**Exercise**
Lines with the word "Limited" are the answer; copy each of them from the data below.

**Record excerpts**
-----
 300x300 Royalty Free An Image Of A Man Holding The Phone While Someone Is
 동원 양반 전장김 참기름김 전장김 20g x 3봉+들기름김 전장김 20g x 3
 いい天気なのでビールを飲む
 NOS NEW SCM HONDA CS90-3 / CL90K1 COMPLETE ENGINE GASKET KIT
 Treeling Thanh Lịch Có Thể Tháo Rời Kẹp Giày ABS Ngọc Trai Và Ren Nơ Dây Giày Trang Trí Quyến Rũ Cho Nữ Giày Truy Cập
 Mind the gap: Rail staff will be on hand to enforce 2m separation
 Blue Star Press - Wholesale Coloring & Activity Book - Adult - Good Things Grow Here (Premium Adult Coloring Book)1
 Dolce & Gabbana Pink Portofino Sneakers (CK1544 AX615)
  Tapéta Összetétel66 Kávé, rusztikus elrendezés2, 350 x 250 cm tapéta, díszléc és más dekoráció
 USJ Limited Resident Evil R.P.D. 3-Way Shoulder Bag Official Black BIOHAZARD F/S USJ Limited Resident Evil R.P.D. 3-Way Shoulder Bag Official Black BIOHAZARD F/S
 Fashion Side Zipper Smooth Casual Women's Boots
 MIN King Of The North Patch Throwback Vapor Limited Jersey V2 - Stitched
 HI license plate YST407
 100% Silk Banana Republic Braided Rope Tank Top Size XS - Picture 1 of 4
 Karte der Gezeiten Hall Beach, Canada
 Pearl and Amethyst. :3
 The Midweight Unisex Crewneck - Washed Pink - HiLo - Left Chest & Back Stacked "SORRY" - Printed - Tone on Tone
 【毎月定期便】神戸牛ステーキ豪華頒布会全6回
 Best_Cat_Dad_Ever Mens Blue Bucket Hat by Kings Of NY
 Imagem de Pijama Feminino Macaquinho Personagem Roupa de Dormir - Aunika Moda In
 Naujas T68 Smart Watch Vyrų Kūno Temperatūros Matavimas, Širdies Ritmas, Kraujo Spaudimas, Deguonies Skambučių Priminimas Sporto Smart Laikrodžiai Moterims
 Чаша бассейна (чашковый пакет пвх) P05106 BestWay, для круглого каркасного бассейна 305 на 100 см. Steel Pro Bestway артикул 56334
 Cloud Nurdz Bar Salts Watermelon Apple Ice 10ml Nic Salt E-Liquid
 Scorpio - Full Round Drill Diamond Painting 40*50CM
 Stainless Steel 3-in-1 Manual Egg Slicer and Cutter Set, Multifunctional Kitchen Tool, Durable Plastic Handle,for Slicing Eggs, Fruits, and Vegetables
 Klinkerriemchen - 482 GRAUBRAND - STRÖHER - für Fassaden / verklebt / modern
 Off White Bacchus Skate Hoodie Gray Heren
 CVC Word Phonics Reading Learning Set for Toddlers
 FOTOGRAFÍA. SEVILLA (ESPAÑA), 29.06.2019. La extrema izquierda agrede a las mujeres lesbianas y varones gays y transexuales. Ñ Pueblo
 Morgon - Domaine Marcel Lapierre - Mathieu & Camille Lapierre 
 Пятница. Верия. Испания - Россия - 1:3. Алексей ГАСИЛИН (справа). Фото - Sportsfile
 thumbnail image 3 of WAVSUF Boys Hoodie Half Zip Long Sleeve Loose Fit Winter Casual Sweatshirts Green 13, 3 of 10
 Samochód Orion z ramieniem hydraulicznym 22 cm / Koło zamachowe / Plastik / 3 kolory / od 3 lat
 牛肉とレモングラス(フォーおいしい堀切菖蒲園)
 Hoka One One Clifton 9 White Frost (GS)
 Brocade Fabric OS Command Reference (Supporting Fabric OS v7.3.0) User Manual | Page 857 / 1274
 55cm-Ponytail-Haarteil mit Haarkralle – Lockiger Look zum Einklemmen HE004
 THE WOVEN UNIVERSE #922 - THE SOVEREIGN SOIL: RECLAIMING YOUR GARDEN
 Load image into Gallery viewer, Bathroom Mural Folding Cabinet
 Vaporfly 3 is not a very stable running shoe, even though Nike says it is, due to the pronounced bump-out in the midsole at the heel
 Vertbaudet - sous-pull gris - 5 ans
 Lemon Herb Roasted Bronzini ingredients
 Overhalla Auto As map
-----
**Solution**
 USJ Limited Resident Evil R.P.D. 3-Way Shoulder Bag Official Black BIOHAZARD F/S USJ Limited Resident Evil R.P.D. 3-Way Shoulder Bag Official Black BIOHAZARD F/S
 MIN King Of The North Patch Throwback Vapor Limited Jersey V2 - Stitched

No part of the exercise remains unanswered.